1. Alhamoudi KM, Barhoumi T, Al-Eidi H, Asiri A, Nashabat M, Alaamery M, Alharbi M, Alhaidan Y, Tabarki B, Umair M, Alfadhel M. A homozygous nonsense mutation in DCBLD2 is a candidate cause of developmental delay, dysmorphic features and restrictive cardiomyopathy. Scientific reports. 2021; 11(1): 12861.

DCBLD2 encodes discodin, CUB and LCCL domain-containing protein 2, a type-I transmembrane receptor that is involved in intracellular receptor signalling pathways and the regulation of cell growth. In this report, we describe a 5-year-old female who presented severe clinical features, including restrictive cardiomyopathy, developmental delay, spasticity and dysmorphic features. Trio-whole-exome sequencing and segregation analysis were performed to identify the genetic cause of the disease within the family. A novel homozygous nonsense variant in the DCBLD2 gene (c.80G > A, p.W27*) was identified as the most likely cause of the patient’s phenotype. This nonsense variant falls in the extracellular N-terminus of DCBLD2 and thus might affect proper protein function of the transmembrane receptor.
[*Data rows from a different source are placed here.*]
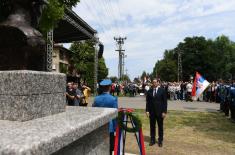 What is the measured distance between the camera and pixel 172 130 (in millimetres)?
12516

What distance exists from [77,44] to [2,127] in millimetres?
68343

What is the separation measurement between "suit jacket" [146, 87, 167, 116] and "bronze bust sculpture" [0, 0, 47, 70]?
560cm

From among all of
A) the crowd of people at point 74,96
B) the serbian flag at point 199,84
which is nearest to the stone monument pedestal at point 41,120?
the crowd of people at point 74,96

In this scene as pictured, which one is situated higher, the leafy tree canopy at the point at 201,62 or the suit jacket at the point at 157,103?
the leafy tree canopy at the point at 201,62

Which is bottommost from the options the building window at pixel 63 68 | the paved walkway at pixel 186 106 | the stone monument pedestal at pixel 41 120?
the paved walkway at pixel 186 106

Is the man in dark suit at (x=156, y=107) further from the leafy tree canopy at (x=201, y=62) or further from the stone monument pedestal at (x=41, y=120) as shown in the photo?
the leafy tree canopy at (x=201, y=62)

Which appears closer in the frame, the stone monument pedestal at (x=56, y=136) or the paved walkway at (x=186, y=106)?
the stone monument pedestal at (x=56, y=136)

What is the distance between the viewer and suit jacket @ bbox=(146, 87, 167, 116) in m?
9.68

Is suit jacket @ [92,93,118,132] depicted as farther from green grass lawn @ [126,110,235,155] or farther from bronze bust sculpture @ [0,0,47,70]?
green grass lawn @ [126,110,235,155]

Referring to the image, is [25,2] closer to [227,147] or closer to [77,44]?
[227,147]

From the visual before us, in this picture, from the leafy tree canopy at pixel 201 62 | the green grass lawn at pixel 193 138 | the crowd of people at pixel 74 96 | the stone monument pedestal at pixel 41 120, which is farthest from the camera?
the leafy tree canopy at pixel 201 62

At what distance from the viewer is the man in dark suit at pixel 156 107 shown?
9656mm

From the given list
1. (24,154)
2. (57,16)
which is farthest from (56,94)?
(57,16)

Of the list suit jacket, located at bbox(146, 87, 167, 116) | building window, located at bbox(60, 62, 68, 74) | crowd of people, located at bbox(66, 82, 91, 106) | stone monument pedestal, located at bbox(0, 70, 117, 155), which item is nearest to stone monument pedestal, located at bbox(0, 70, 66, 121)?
stone monument pedestal, located at bbox(0, 70, 117, 155) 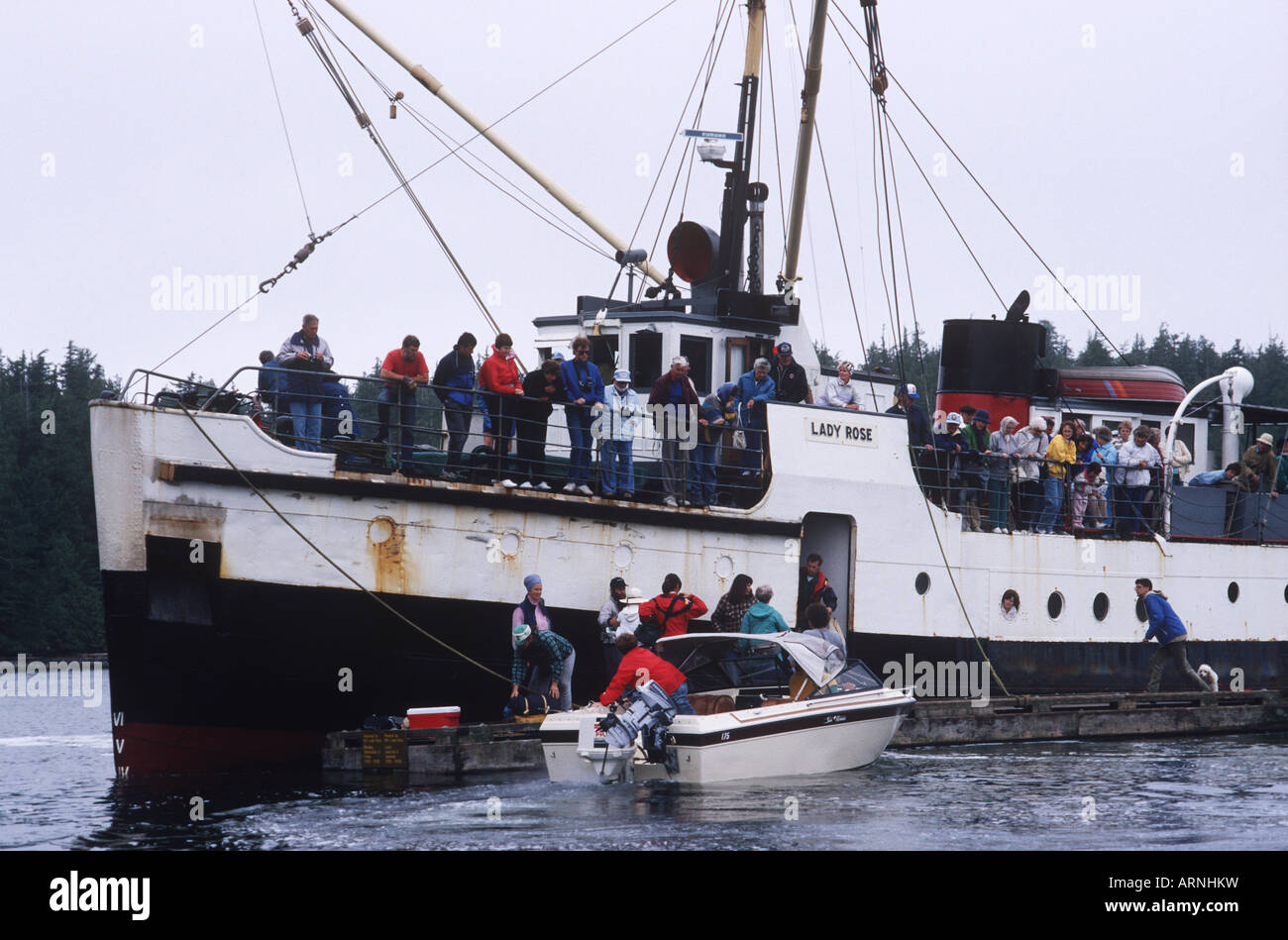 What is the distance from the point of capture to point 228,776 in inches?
667

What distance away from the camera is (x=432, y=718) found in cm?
1725

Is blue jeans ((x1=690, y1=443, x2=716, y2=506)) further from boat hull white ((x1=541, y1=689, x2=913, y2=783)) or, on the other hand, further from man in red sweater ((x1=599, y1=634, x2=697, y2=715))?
man in red sweater ((x1=599, y1=634, x2=697, y2=715))

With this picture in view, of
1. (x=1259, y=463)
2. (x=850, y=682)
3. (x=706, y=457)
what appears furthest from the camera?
(x=1259, y=463)

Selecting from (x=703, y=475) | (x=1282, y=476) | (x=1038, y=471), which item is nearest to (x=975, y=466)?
(x=1038, y=471)

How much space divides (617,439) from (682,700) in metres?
4.12

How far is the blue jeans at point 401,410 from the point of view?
57.5 ft

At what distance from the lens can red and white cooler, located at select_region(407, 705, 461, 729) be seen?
56.5ft

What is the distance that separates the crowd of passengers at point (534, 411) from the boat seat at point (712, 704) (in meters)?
2.64

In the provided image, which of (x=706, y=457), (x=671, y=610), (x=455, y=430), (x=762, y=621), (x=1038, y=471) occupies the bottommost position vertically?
(x=762, y=621)

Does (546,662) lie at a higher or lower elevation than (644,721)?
higher

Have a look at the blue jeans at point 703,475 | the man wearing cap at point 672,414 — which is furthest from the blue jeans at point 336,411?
the blue jeans at point 703,475

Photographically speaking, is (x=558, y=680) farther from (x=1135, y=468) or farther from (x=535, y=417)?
(x=1135, y=468)

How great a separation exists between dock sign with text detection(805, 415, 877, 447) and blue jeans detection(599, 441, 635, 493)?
2.61m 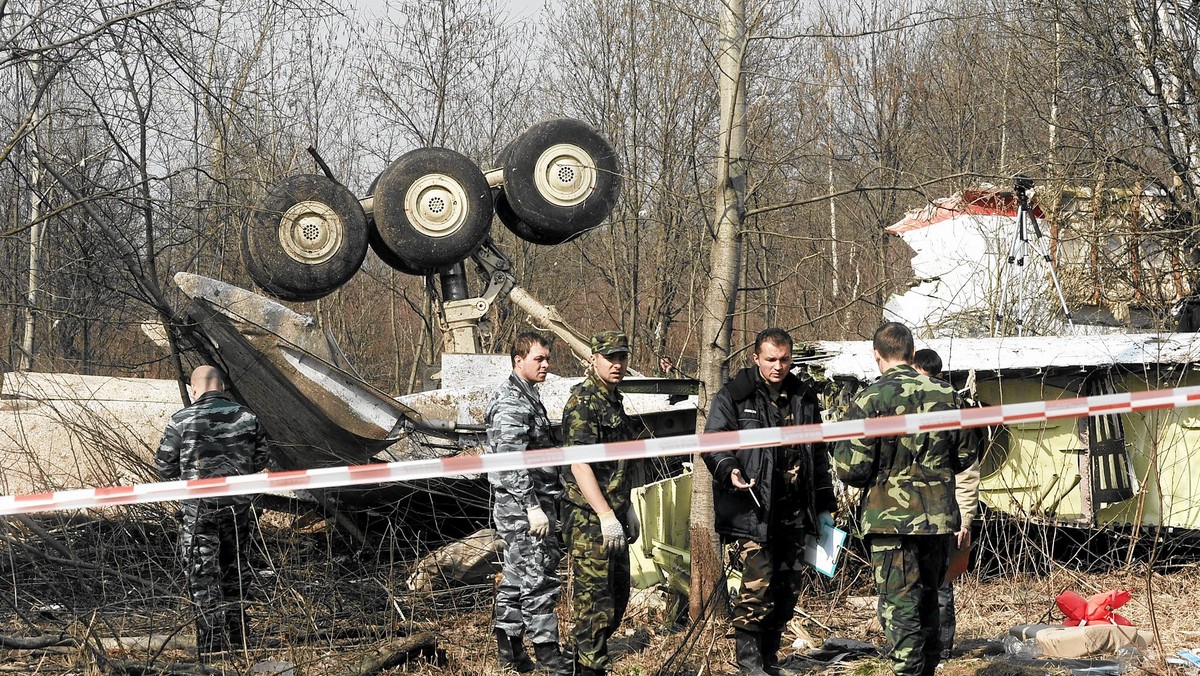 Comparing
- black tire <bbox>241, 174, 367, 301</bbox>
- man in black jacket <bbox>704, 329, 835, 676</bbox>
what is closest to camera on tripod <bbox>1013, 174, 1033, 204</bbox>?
man in black jacket <bbox>704, 329, 835, 676</bbox>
A number of in vitro investigations were performed on the proband’s skin fibroblasts compared to normal fibroblasts, which allowed a comprehensive assessment resulting in the functional characterization of the identified DCBLD2 nonsense variant in different cellular processes. Our data propose a significant association between the identified variant and the observed reduction in cell proliferation, cell cycle progression, intracellular ROS, and Ca2 + levels, which would likely explain the phenotypic presentation of the patient as associated with lethal restrictive cardiomyopathy.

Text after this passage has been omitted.